- [What the task asks] Apart from the pictures, every entry must be retyped exactly.

** Supplied entries follows **

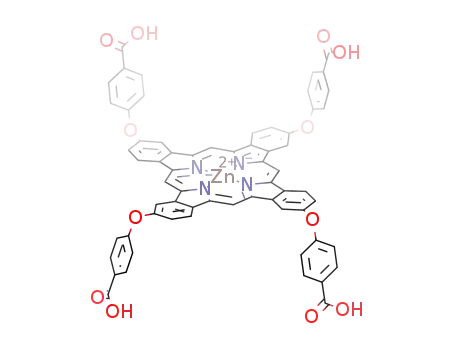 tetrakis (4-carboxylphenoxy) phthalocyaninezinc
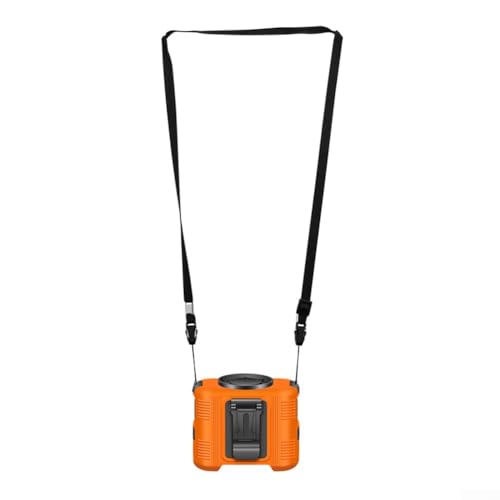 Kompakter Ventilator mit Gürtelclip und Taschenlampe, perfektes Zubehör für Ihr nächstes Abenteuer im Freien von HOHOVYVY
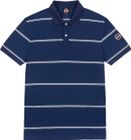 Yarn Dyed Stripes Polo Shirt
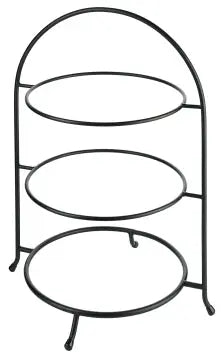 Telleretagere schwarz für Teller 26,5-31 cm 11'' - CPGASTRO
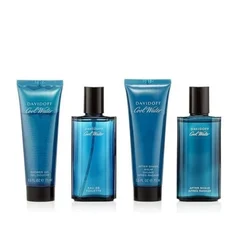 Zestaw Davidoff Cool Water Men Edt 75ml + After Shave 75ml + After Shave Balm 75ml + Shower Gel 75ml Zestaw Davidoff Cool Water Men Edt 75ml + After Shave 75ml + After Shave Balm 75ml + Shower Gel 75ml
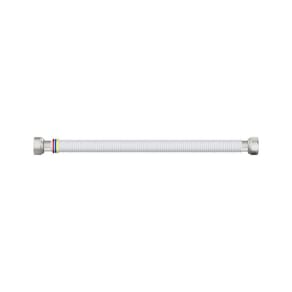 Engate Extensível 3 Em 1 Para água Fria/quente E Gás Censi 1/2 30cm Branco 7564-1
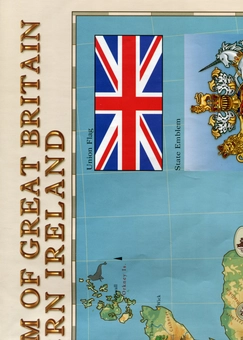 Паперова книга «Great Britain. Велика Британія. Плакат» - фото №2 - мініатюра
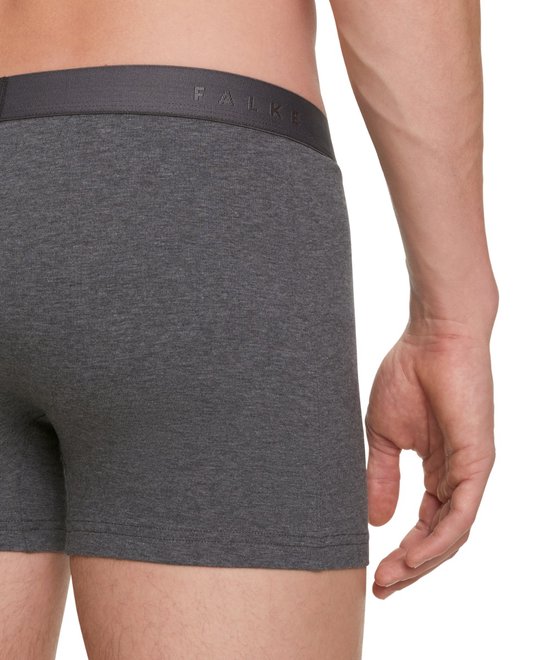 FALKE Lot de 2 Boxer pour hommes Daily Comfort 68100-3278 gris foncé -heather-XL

** End of Supplied entries **

- [The completed task]
 tetrakis (4-carboxylphenoxy) phthalocyaninezinc
 Kompakter Ventilator mit Gürtelclip und Taschenlampe, perfektes Zubehör für Ihr nächstes Abenteuer im Freien von HOHOVYVY
 Yarn Dyed Stripes Polo Shirt
 Telleretagere schwarz für Teller 26,5-31 cm 11'' - CPGASTRO
 Zestaw Davidoff Cool Water Men Edt 75ml + After Shave 75ml + After Shave Balm 75ml + Shower Gel 75ml Zestaw Davidoff Cool Water Men Edt 75ml + After Shave 75ml + After Shave Balm 75ml + Shower Gel 75ml
 Engate Extensível 3 Em 1 Para água Fria/quente E Gás Censi 1/2 30cm Branco 7564-1
 Паперова книга «Great Britain. Велика Британія. Плакат» - фото №2 - мініатюра
 FALKE Lot de 2 Boxer pour hommes Daily Comfort 68100-3278 gris foncé -heather-XL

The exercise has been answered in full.